Exile in lolville (Alfred, Lord Sotosyn), Friday, 20 January 2012 01:05 (fourteen years ago)

I think I've seen Hannah more than any of the others (tho maybe not Zelig) because Al totally otm about it always being on TV. It really is.

ENBB, Friday, 20 January 2012 01:06 (fourteen years ago)

Actually, Stardust Memories is my favorite Woody Allen film. I want to vote for that.

age is not a number of years but a great experience in life (admrl), Friday, 20 January 2012 01:06 (fourteen years ago)

http://3.bp.blogspot.com/-08A787ZOGec/Ts1byykAxVI/AAAAAAAAA_s/-RgJeeUq74o/s1600/hannah-and-her-sisters-movie-still-475x357-pr-01_476x357.jpg

.. easily my favourite Woody Allen film and one of the best films ever.

piscesx, Friday, 20 January 2012 01:44 (fourteen years ago)

I cannot watch any of Woody's chamber dramas.

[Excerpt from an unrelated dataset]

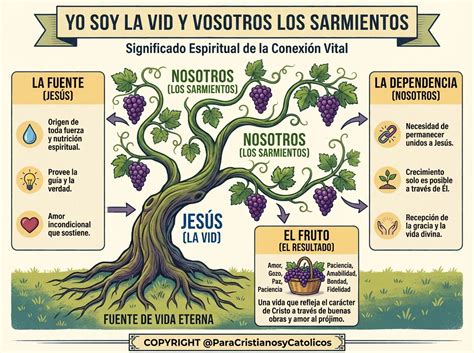 Representación de la vid y los sarmientos, simbolizando la unión con Cristo.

They all seem to me to have stepped directly out of the "quiddities and agonies of the ruling class" thread. But then, 99% of film dramas about the aspiring American middle class seem that way to me. They all seem to be making the agonized "am I not a man; do I not bleed?" speech in the context of a particularly bad paper cut.

Aimless, Friday, 20 January 2012 01:55 (fourteen years ago)

crimes and misdemeanors is my favourite woody allen movie so that

judith, Friday, 20 January 2012 02:12 (fourteen years ago)

'crimes' >>>>>>> 'match point'

(The Other) J.D. (J.D.), Friday, 20 January 2012 02:13 (fourteen years ago)

never seen September & Another Woman

how i rate the rest

Broadway Danny Rose - small scale but totally love this little trifle
Crimes and Misdemeanors - probably overrating this but i found the drama part riveting + Alda
Hannah and Her Sisters - masterfully made but yeah the "quiddities" thing starts to take over/bug
The Purple Rose of Cairo - moving, didn't hold up on repeated viewings though
Zelig - should see this again, barely remember it
A Midsummer Night's Sex Comedy - slight but charming, great cast
Stardust Memories - flawed but lots of interesting stuff in it
Radio Days - very limp nostalgia
Oedipus Wrecks - terrible

buzza, Friday, 20 January 2012 02:14 (fourteen years ago)

i think mia farrow is so sweet in crimes and misdemeanors

judith, Friday, 20 January 2012 02:15 (fourteen years ago)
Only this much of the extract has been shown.